■ Work task: Leaving out all pictures, transcribe the lines below exactly, from the first through the line containing "Proporciones de la".

(Stored items from a collection)

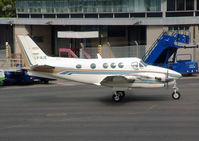 LV-WJE @ EGAA - Private. King Air C90B. - by vickersfour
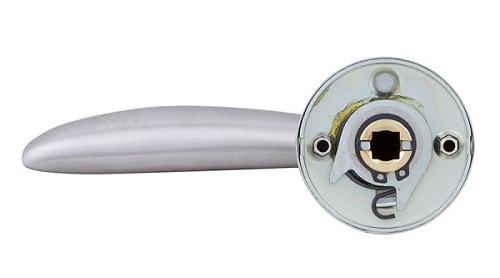 Ручки на розетте ROSTEX Napoli ES52 нержавеющая сталь матовая - Фото №4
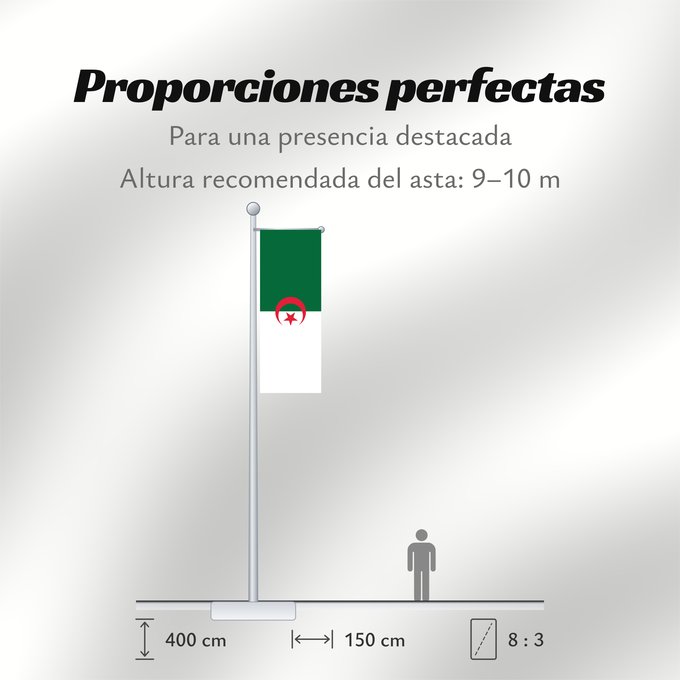 Proporciones de la bandera: Algeria	L Algérie	Argelia	Algerien	Dell Algeria	Algerije	Argélia	Algierii	Vo Algérie	علم الجزائر	Σημαία της Αλγερίας	Alĝerio	Algerian	דגל אלג יריה	Algéria	Aljazair	アルジェリアの国旗	Asenǧaq n Dzayer	알제리의 국기	Drapèu d Argeria	Флаг Алжира	Alžirije	Algeriets	ⴰⵏⴰⵢ ⴰⴷⵣ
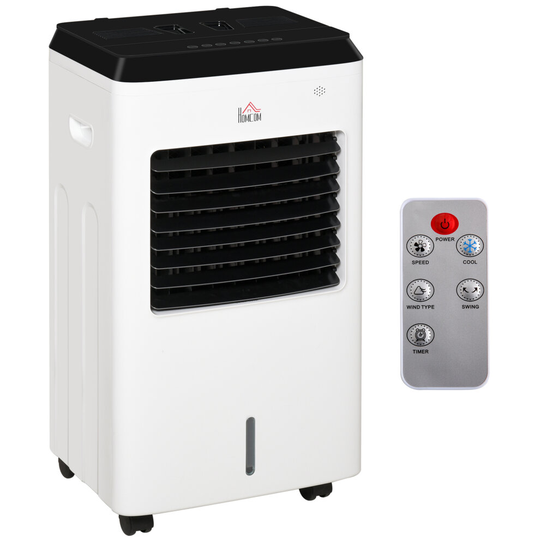 HOMCOM Air Cooler Heater Humidifier with Remote Controller Ice Box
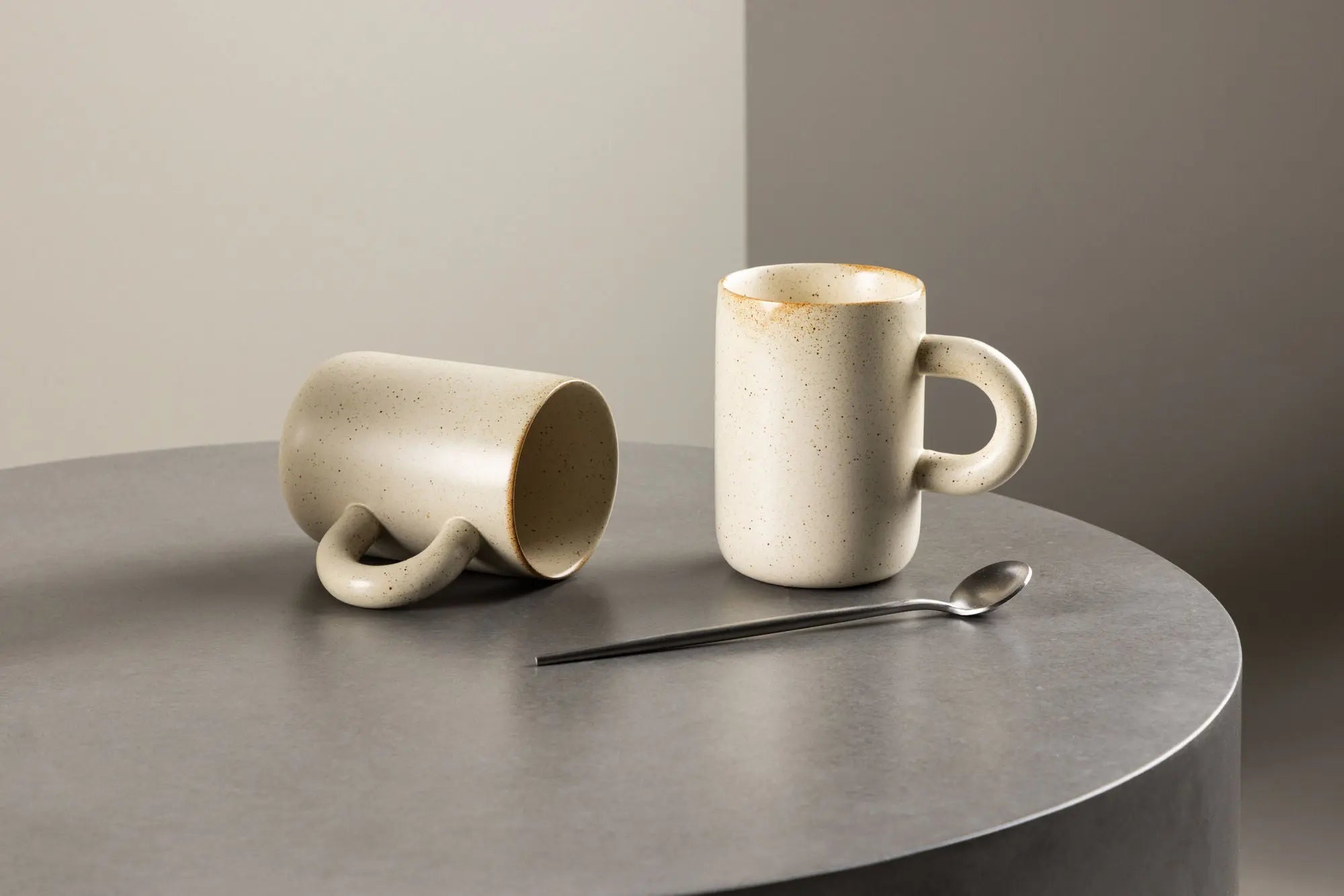 Lot de 2 tasses à thé - ø7 - Poterie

■ Problem solution:
 LV-WJE @ EGAA - Private. King Air C90B. - by vickersfour
 Ручки на розетте ROSTEX Napoli ES52 нержавеющая сталь матовая - Фото №4
 Proporciones de la bandera: Algeria	L Algérie	Argelia	Algerien	Dell Algeria	Algerije	Argélia	Algierii	Vo Algérie	علم الجزائر	Σημαία της Αλγερίας	Alĝerio	Algerian	דגל אלג יריה	Algéria	Aljazair	アルジェリアの国旗	Asenǧaq n Dzayer	알제리의 국기	Drapèu d Argeria	Флаг Алжира	Alžirije	Algeriets	ⴰⵏⴰⵢ ⴰⴷⵣ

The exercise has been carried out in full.